PSSM Workshop on Liquid Crystals and Colloidal Dispersions
A model approach to molecular-statistical description of liquid crystal phases with helical twisting and supramolecular heterostructuring
Longin Lisetski, Institute for Scintillation Materials, STC "Institute for Single Crystals" of NAS of Ukraine
Abstract: Rapid development of both analytical and computer simulation techniques has allowed nearly comprehensive molecular-statistical description of practically all known types of liquid crystalline phases. However, many apparently minor but essential points remain obscure. In fact, certain peculiar features (especially in the field of cholesterics and liquid crystal mixtures with strong specific intermolecular interactions), which have been reliably established experimentally and are intuitively consistent with the generally accepted theoretical picture, can not, despite numerous attempts, be directly derived from standard molecular-statistical theories. The major difficulty is that standard mean-field descriptions are too ?rough and do not account for contributions from short-range factors that can be substantial in many cases, while conventional approaches going beyond the mean field require too complicated calculations that seem unassailable both for analytical methods and the most modern computer facilities.

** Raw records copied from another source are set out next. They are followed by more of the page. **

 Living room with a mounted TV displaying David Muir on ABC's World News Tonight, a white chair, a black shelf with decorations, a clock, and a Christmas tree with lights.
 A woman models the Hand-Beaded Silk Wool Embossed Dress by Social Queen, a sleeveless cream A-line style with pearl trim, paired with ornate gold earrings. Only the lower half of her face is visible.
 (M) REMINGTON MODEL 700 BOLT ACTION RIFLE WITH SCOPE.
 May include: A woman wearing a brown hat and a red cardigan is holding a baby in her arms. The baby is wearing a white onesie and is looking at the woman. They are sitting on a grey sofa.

A possible way out is the use of model approaches involving consideration of several levels of nano/micro scales, with factors irrelevant for a specific problem implicitly taken as already averaged at a previous level, and factors assumed as relevant singled out and accounted for explicitly. E.g., a model molecular (pseudo)potential in a form conventionally used for mean-field descriptions (as function of spatial and angular coordinates of an anisometric particle) can additionally include terms originating from short-range interactions; these terms may seem formally phenomenological and somewhat arbitrary, but in fact they can be directly related to certain features of the real chemical structure of the molecules involved.

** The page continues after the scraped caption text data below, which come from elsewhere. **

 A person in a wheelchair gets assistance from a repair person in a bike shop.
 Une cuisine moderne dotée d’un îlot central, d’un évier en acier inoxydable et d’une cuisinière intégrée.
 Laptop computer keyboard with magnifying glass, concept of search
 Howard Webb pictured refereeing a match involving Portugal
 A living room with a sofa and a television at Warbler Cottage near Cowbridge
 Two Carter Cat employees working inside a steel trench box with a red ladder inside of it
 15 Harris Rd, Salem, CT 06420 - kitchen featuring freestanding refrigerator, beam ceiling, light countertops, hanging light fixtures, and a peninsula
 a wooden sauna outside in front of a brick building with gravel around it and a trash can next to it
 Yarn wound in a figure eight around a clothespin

In this report, a review is presented of results obtained using the above-described approach. Among the most convincing examples (which have not been paralleled by other known theoretical descriptions of liquid crystal properties), one can note the following:
- straightforward explanation of substantially different helical twisting values and even different helical twisting sense of, e.g. cholesteryl chloride and cholesteryl alkanoates (which have very close values of optical rotation);
- numerous cases of extra helical twisting induced in cholesteric matrices by introduction of non-chiral and non-mesogenic dopants, even in the absence of apparent specific interactions;
- anomalous increase in the nematic phase thermal stability for certain mixtures containing components of different chemical nature, etc.
It is claimed that the proposed approach can be promising for description of recently discovered and developed liquid crystalline systems characterized as ?nanostructured or ?heterostructured (including liquid crystalline dispersions of carbon nanotubes, nanorods and other shaped particles of organic and inorganic functional materials, etc.).